You may not have heard of this gorgeously-named designer drug before, but you bet your sweet ass you’ve heard of bath salts. Yessir, MDPV is a common active ingredient in bath salts, and although it was developed in a lab in the 1960s, it remained an obscure stimulant until around 2004 when it began making its way into legal recreational compounds. MDPV-containing products were sold as recreational drugs under the name ‘bath salts’ in gas stations and convenience stores around the country until 2011, when the DEA emergency-classified it as a Schedule 1 substance. It has four times the potency of ritalin, and similar effects: alertness, increased energy and motivation, increased sociability and concentration, and of course, sexual stimulation. Oh, and death! A number of deaths attributed to MDPV-containing bath salts have occurred in the US … and then there was that whole hobo-face-eating thing too.

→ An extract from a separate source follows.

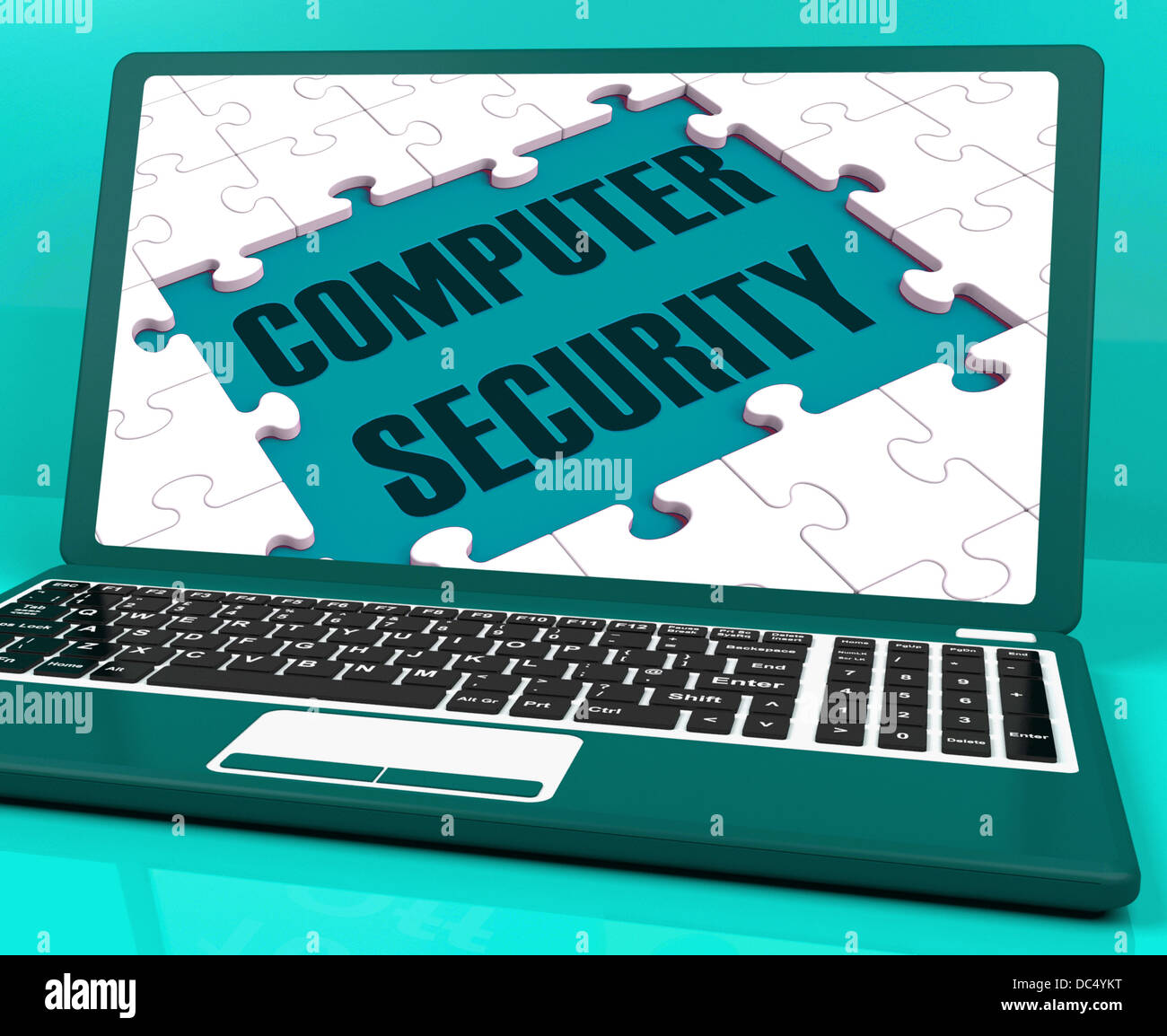 La sécurité informatique sur ordinateur portable montrant des analyses antivirus Banque D'Images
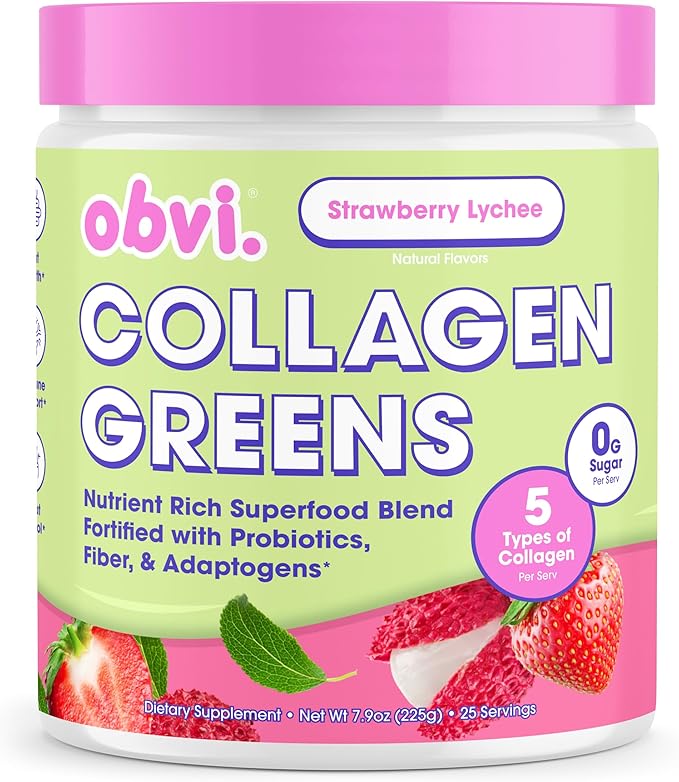 Obvi Collagen Greens | Organic Greens Superfood Powder with Collagen Peptides | Probiotics for Gut Health Skin Hair Nails | Gluten-Free Zero Sugar | Strawberry Lychee Flavor 25 Servings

In 1996, the same guy who created MDMA, Alexander Shulgin, created methylone. But it wasn’t until the end of 2004, that it emerged on the Dutch party scene under the name "Explosion." It was sold as a liquid via the internet and in "smartshops", stores that sold non-scheduled, psychoactive substances. Labeled as a "room odorizer" to skirt Dutch drug labeling laws, it gained instant popularity among people whose MDMA dealers were on vacay. Speaking of, it’s actually a more common ingredient in molly than MDMA is, and is consequentially implicated as the cause behind most molly-induced seizures. When it’s not making you seize though, it’s known to produce the same euphoric, empathetic sensation as ecstasy, except with a speedier sensation. And at roughly half the price of pure MDMA, we have to say that all sounds pretty great … except it gives you debilitating erectile dysfunction. Welcome to Bummer-Town.
… and one safe one
Kratom is a tea or a powder made from natural kratom leaves leaves that are harvested and dried. Popularized for helping sufferers of chronic pain, ADHD, and anxiety, it has the sensation of a strong buzz from coffee, but without the jitters. But at high doses, it acts like a weak opium. The plant gets a lot of credit for being both a healthier option for opiate addicts and a great remedy for recovering junkies for two reasons. First, it delivers when it comes to sensation and dissociation. Second, the way it interacts with your brains opioid receptors makes it near-impossible to develop a physical addiction to it. Best part? It’s street legal, baby, and it’s popping up all over the country in specialized bars where you can go to pretend you’re doing heroin when you’re really just drinking tea.